Top of Dataset

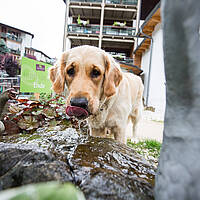 Ortners Eschenhof Urlaub mit Hund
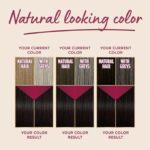 Palette Intensive Hair Color Cream 4-60 Lustrous Medium Brown
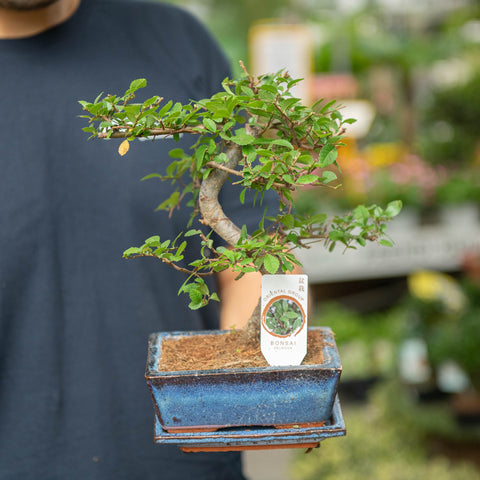 Simegarden Bonsai Zelkova 15 cm - vaso blu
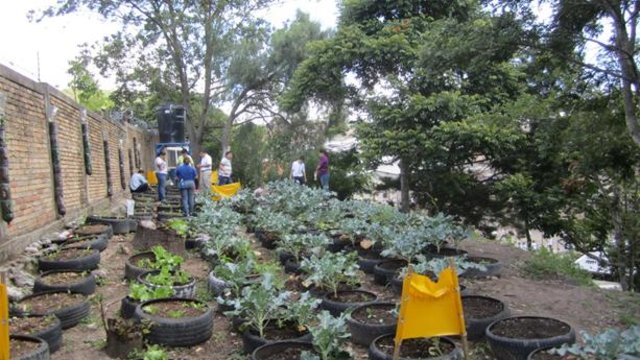 Uso de llantas en la agricultura urbana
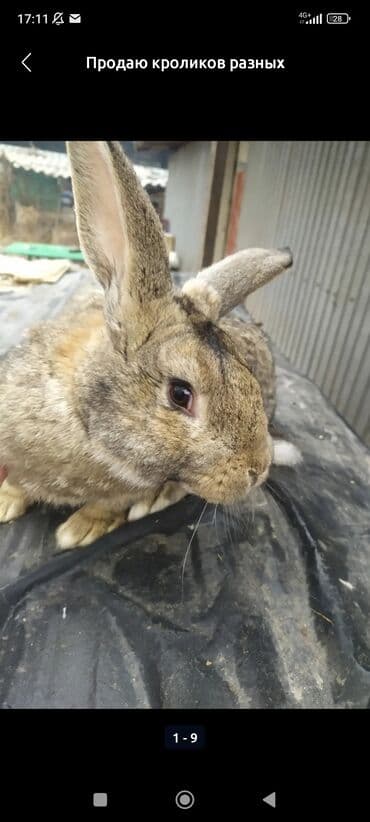 тай кони: Продаю | Крольчата | Белый великан | Для разведения — 4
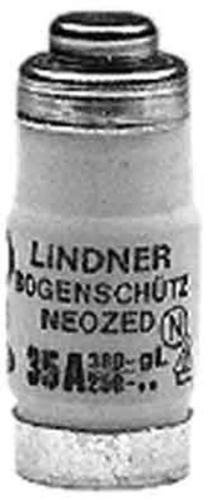 10 Stück MERSEN NEOZED-Sicherungseinsatz D02, 35A schwarz D02GG40V35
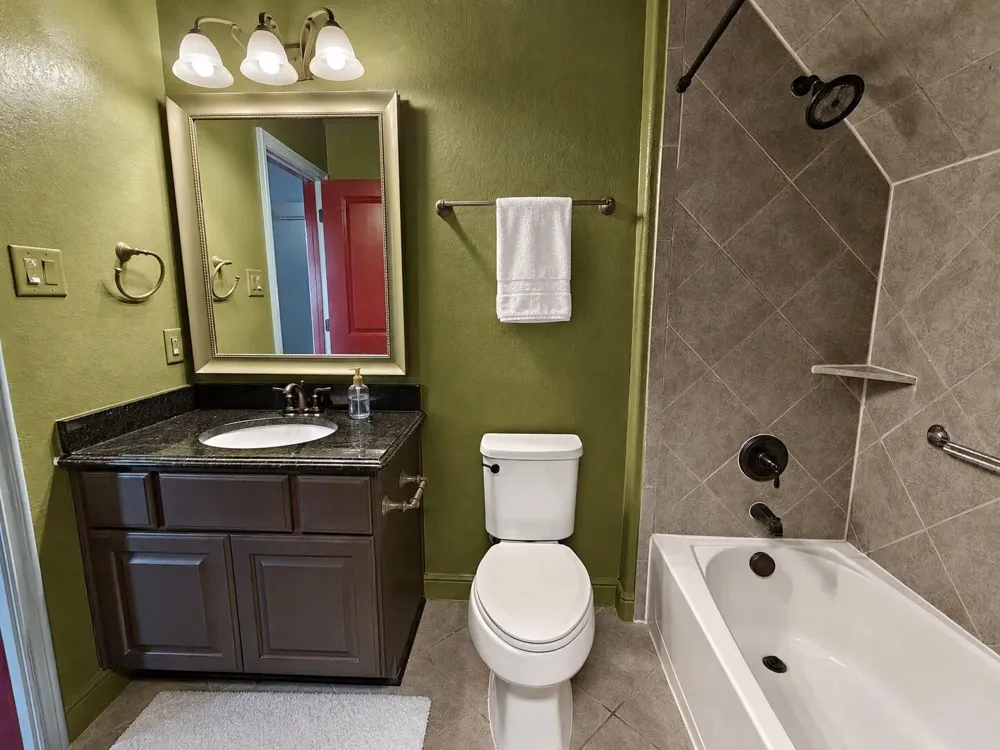 3908 Sandhills Pine Cove Spring, TX 77386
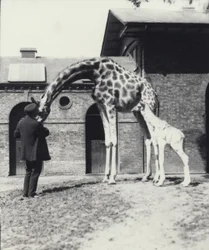 Giraffa con cucciolo di 3 giorni e custode allo zoo di Londra, 1914
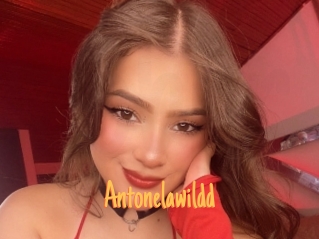 Antonelawildd
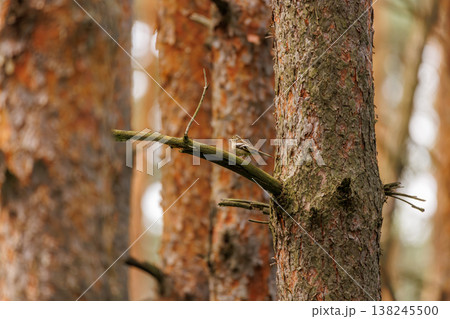 Quiet moments in a forest with a small bird perched on a branch surrounded by tall trees Quiet moments in a forest with a small bird perched on a branch surrounded by tall trees 138245500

Bottom of Dataset

* **Task statement**: Every entry above is to be set down exactly; the pictures are to be left out.

* **Solution to the problem**:
 Ortners Eschenhof Urlaub mit Hund
 Palette Intensive Hair Color Cream 4-60 Lustrous Medium Brown
 Simegarden Bonsai Zelkova 15 cm - vaso blu
 Uso de llantas en la agricultura urbana
 тай кони: Продаю | Крольчата | Белый великан | Для разведения — 4
 10 Stück MERSEN NEOZED-Sicherungseinsatz D02, 35A schwarz D02GG40V35
 3908 Sandhills Pine Cove Spring, TX 77386
 Giraffa con cucciolo di 3 giorni e custode allo zoo di Londra, 1914
 Antonelawildd
 Quiet moments in a forest with a small bird perched on a branch surrounded by tall trees Quiet moments in a forest with a small bird perched on a branch surrounded by tall trees 138245500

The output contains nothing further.